DATA SHOWN
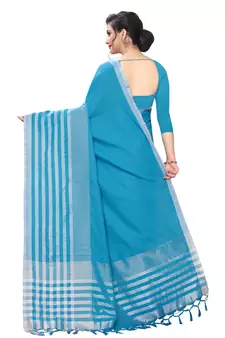 Multicolor woven blended cotton saree with blouse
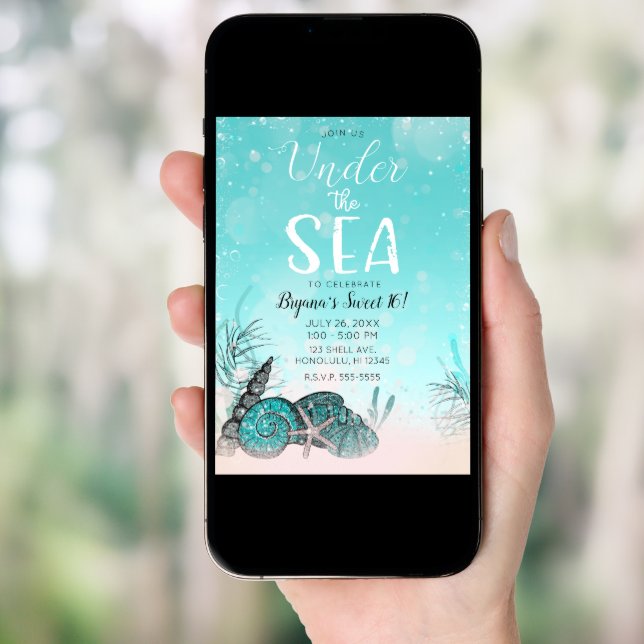 Teal Under the Sea Shells Beach Sweet 16 Party Invitation (Front Digital)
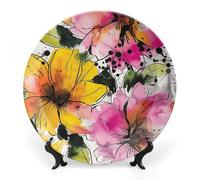 FodPand Bright Floral Print Decorative Plate with Display Stand | Round Bone China Plates Porcelain Wall Hanging Large Plate Personalized Photo Ceramic Dinner Plate Tabletop Art 10inch
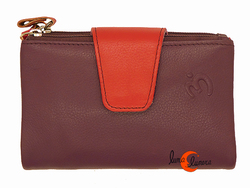 Cartera de piel Belmonte lisa mediana 39 morada con trabilla roja.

WORK REQUIRED
Write out the material above once more, exactly as it reads, with no pictures.

SOLUTION TO THIS TASK
 Multicolor woven blended cotton saree with blouse
 Teal Under the Sea Shells Beach Sweet 16 Party Invitation (Front Digital)
 FodPand Bright Floral Print Decorative Plate with Display Stand | Round Bone China Plates Porcelain Wall Hanging Large Plate Personalized Photo Ceramic Dinner Plate Tabletop Art 10inch
 Cartera de piel Belmonte lisa mediana 39 morada con trabilla roja.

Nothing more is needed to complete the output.